The Covid-19 pandemic has exposed two competing views of how society should consider the risk-benefit ratio in formulating public-health policy. One view is that our policy, guided by experts, can and must eliminate risk; any benefits are worth deferring until the risk is eliminated. The other view is that risks are to be expected, and that experts have only a limited ability to mitigate them; proponents of this view more readily recognize the need to balance risks and benefits, including the benefit of personal choice. These competing views of risk have revealed themselves in public attitudes toward policies like mask mandates and school closures. It’s convenient to write off these differences of opinion to politics, but on matters of public health, individuals may be governed more by their own views on the risk-benefit ratio.

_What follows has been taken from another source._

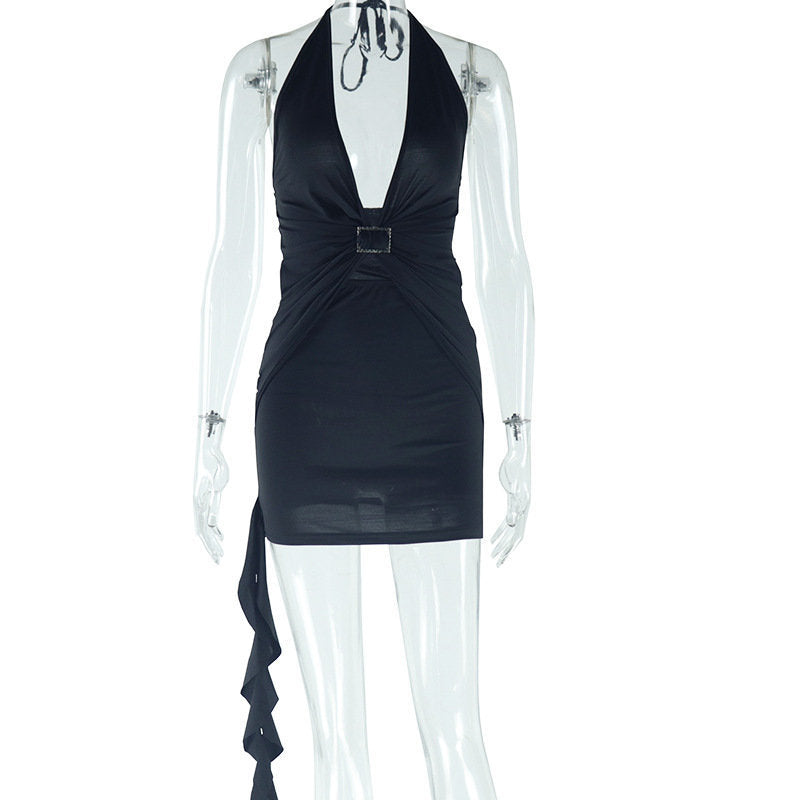 Black halter mini dress on mannequin with V neckline and waist buckle detail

Over time, the balance of power between those contrasting views has shifted. At the start of the pandemic, when the elderly and other vulnerable populations were dying at unacceptable rates, hospital intensive care beds were filled, and few effective clinical practices or pharmaceutical treatments were available, the United States, like many other countries, went into lockdown to stop transmission and slow the growth of new cases. Public-health discussions focused on how to achieve herd immunity. The zero-risk perspective, along with relatively widespread support for a limited lockdown, seemed to rule the day.
Today, the situation is different. It is unlikely that we will achieve herd immunity, even with the vaccines. And as the highly contagious Omicron variant spreads, we have seen public-health policymakers begin to shift from a focus on eliminating Covid to an acceptance of its endemic nature and a more balanced approach to risks and benefits. We also have new treatment options—and, though vaccines don’t seem very effective in blocking transmission of the Omicron variant, they do appear to protect against severe illness. As Omicron surges, advocates for mask and vaccine mandates and restrictions on large gatherings argue that a rapid rise in severe illness could overwhelm hospitals and health-care personnel. On the other side of the ledger, the costs of these mandates and restrictions are the loss of personal choice, economic hardship, and additional educational and developmental losses for children.

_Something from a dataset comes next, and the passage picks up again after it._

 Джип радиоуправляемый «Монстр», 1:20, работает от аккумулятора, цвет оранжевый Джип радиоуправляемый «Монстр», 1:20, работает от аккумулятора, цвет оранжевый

Notably, public-health policy has shifted to align with these new facts, but the opposing zero-risk and balanced risk-benefit views remain. The CDC’s move in late December to reduce the recommended length of the Covid isolation and quarantine period from ten days to five days is a sign that the decisional calculus is slowly moving toward a more balanced perspective, weighing the need for people to go back to work against the reality that some small percentage of the returning workforce may still be infectious. One need only consult Twitter to see this debate raging among public-health professionals and government officials.
The point of contrasting these two viewpoints on public-health policy is not to impugn one group or the other but to recognize that those arguing for a risk-benefit view are being just as rational and considerate in their concerns as are those who hold to the zero-risk view. The differences are less about politics than they are about individual judgments of what we should be willing to sacrifice to eliminate risk in our lives.